This set of families was genotyped as part of a wider genotyping project on a Human Genome-Wide SNP Array 5.0 (Affymetrix), which contains 500 568 SNPs (manuscript in preparation). Samples were processed as described previously (Xu et al, 2008). Average call rate on arrays used in this study was 99.43%. All microarray experiments were performed in the Vanderbilt Microarray Shared Resource.

GAIN and MGS

Individual genotypes as well as phenotypic information were available to download from the dbGap website. Only individuals of European descent were included in the analysis.

For all data sets, quality control procedures per family, individual, and marker were performed with PLINK (Purcell et al, 2007) and PedStats (see URLs). All data sets went through quality control and we only selected samples with a call rate >95%. We eliminated from the analysis duplicated SNPs, monomorphic SNPs, and SNPs with Hardy–Weinberg exact test P<10−6. Only SNPs with a minor allele frequency over 0.01 were included in the downstream analyses. We also checked for Mendelian inheritance errors among families, and removed SNPs with more than four Mendelian errors in the total sample. For the case–control data sets, we corrected for population stratification with the program EIGENSTRAT, eliminating outliers from the downstream analyses.
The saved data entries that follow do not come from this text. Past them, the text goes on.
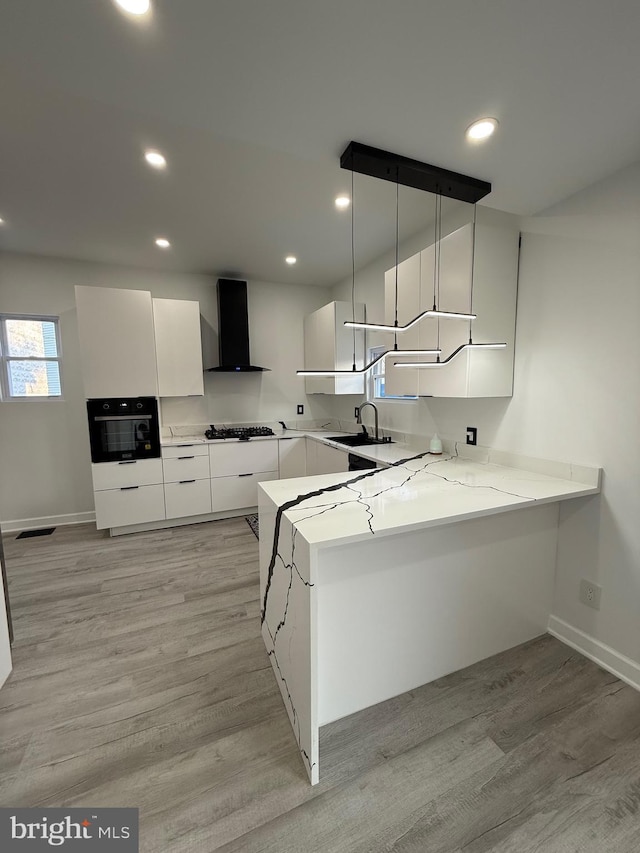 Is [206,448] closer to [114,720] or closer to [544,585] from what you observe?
[114,720]

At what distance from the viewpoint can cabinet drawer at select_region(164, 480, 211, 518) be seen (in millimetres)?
3604

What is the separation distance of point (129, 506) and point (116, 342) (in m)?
1.63

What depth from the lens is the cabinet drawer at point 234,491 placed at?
3.79 m

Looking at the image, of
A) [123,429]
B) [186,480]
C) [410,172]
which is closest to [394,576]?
[410,172]

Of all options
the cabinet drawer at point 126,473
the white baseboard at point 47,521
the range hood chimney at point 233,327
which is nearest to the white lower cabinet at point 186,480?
the cabinet drawer at point 126,473

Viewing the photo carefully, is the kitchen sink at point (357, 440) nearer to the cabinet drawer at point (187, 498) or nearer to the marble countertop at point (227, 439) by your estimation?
the marble countertop at point (227, 439)

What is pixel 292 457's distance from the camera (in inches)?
164

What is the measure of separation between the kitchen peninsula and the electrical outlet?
0.16 m

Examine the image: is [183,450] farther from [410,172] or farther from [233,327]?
[410,172]

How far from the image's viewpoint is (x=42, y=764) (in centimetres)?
134

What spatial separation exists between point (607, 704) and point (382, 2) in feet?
9.22

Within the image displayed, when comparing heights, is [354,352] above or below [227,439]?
above

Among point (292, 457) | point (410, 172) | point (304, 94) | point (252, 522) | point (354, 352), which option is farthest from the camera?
point (292, 457)

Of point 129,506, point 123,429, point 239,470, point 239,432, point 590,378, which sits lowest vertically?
point 129,506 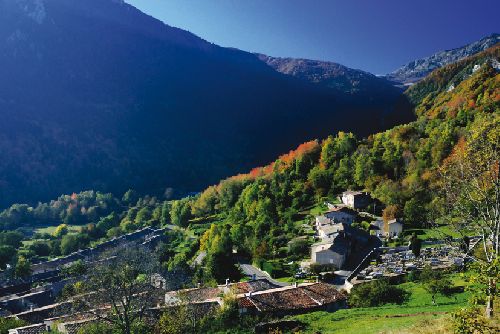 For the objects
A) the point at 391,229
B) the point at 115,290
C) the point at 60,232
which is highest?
the point at 115,290

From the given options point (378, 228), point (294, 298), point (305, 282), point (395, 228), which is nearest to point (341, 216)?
point (378, 228)

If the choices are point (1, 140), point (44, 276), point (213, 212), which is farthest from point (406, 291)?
point (1, 140)

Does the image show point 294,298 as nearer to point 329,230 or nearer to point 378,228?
point 329,230

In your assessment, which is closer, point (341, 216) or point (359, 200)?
point (341, 216)

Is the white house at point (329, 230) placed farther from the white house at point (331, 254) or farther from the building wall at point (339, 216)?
the white house at point (331, 254)

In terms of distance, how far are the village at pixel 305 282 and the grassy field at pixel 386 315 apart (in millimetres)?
3804

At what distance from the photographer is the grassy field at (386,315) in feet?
85.8

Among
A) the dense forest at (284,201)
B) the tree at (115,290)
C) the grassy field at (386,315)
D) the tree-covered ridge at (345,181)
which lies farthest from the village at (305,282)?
the tree-covered ridge at (345,181)

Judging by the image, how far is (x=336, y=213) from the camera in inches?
2800

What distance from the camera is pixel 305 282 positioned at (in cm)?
5044

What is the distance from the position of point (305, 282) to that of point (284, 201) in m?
41.3

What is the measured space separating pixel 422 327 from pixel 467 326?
8.94m

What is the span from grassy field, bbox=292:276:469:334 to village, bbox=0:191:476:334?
3.80m

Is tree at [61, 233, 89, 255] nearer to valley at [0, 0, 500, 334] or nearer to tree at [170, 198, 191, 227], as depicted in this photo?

Imputation of non-genotyped HapMap SNPs for SAF2, GAIN and MGS data sets was performed with MACH (see URLs) using 100 Markov iterations with the two-step procedure recommended in the manual. HapMap Phased Haplotypes (release 22) on CEU subjects were used in the imputation. After imputation, only SNPs with a MACH R2 over 0.3 were further considered. This estimates the correlation between imputed and true genotypes; a value <0.3 flags poorly imputed SNPs (Li et al, 2010). In addition, Mendelian checks (for the family-based samples) and Hardy–Weinberg equilibrium tests were performed to eliminate unreliable imputation calls to include imputed genotypes in downstream analyses. Imputed SNPs were then analyzed as the genotyped SNPs.

Statistical Analyses

Family-based association testing for single SNPs was performed using LAMP (see URLs) (Li et al, 2005, 2006). We adopted a free model for the analysis that does not constrain the penetrances for the three genotypes. Haplotype-based associations were assessed by means of the transmission disequilibrium test (TDT) for haplotypes implemented in PLINK. For the case–control data sets, a trend test was performed to evaluate the SNP association. We applied Bonferroni correction in all tests to obtain an α-corrected threshold. We calculated the number of independent tests in each case based on LD patterns between SNP pairs. These procedures were performed in PLINK (see URLs).

Meta-analysis of the results for the independent samples was performed with Metal (see URLs). The algorithm checks for heterogeneity and performs meta-analysis under a fixed-effects model. All base pair positions are based on the current Human genome assembly (hg19) (see URLs).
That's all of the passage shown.